後日談

 とりあえず、マスクゾンビ、もとい、<マスク警察事件>については謎が多く、ネットでも話題になったが、未解決事件になっていって、更なる大物芸能人歌手グループのスキャンダルなどで有耶無耶うやむやになっていった。

 落し処としては、太陽風、宇宙線による通信障害ということになったが、世間の人間はいつもながら、そんな適当な説明で何となく納得していった。

 世の中などそんなものである。


 だが、そんな適当な説明に納得しない困った男がここにいた。

 メガネ君である。

 本名は服部信三郎といい、一応、先祖は服部半蔵はっとりはんぞうで忍者の血を引いてるらしいが定かではない。

 今年、21歳になったばかりであるが、都内の某大学三年生である。

 <マスク警察事件>のネットで秘かに拡散された現場の監視カメラ動画を総合すると、<マスクゾンビ事件>とも言える新たな事実が浮かび上がってきた。

 少なくとも100人以上の人間が一斉に倒れて、立ち上がり、また倒れた映像が映っていたからだ。

 まあ、かなりのスローモーションでないと、速すぎて映像が霞んで見えない程なのだが、確かにそういう動きをしているのだ。

 それらの動きがゾンビに似ているので、ネットの事情通には<マスクゾンビ事件>と命名されていた。
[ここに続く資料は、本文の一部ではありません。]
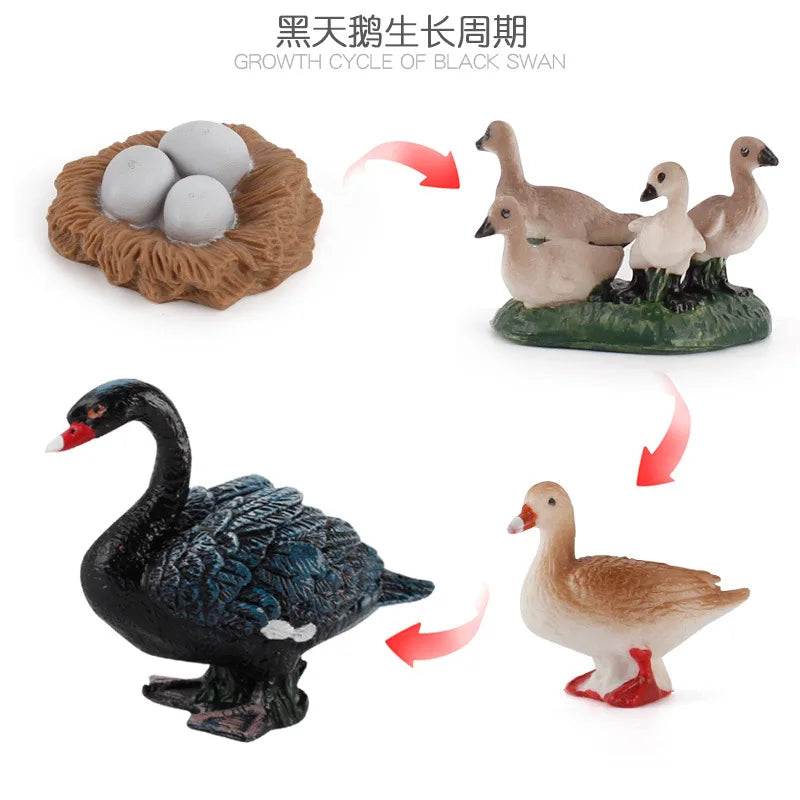 Animal Life Cycle Toy – Montessori Growth Cycle Learning Model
 しかも、その映像には彼のよく知る人物であるネットゲー仲間の飛騨亜礼と、かつての宿敵である<魔女>ベアトリスの姿が映っていた。

 <魔女>ベアトリスが滅ぼしかけた異世界とは、メガネ君が迷い込んだ日本の戦国時代のパラレルワールドだったりする。

 宿敵である<魔女>ベアトリスが、何故か秘密結社<天鴉アマガラス>に加入したという情報は知ってはいた。
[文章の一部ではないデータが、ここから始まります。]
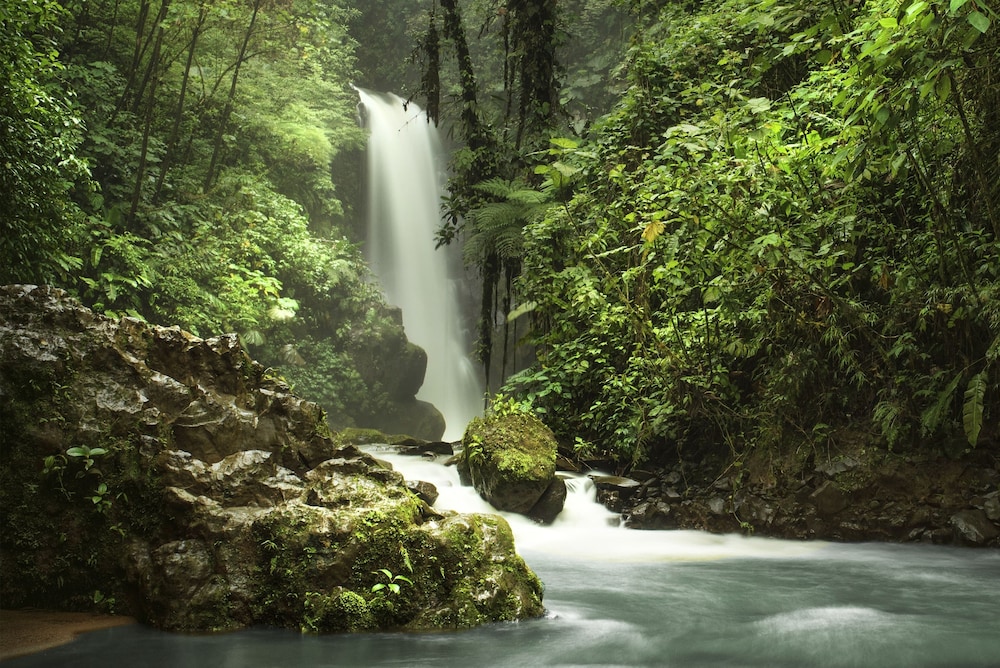 The Peace Lodge At La Paz Waterfall Gardens 52/63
 そんな因縁もあるのだが、メガネ君も諸般の事情で秘密結社<天鴉アマガラス>に加入しているので、白鷺データサイエンス大学付属小学校の存在も何となくは聞いていた。

 ということで、秘密結社<天鴉アマガラス>の剣の民のリーダーである公安警察の神沢優に事情を問いただしてみることにした。

 何か真相が分るかもしれない。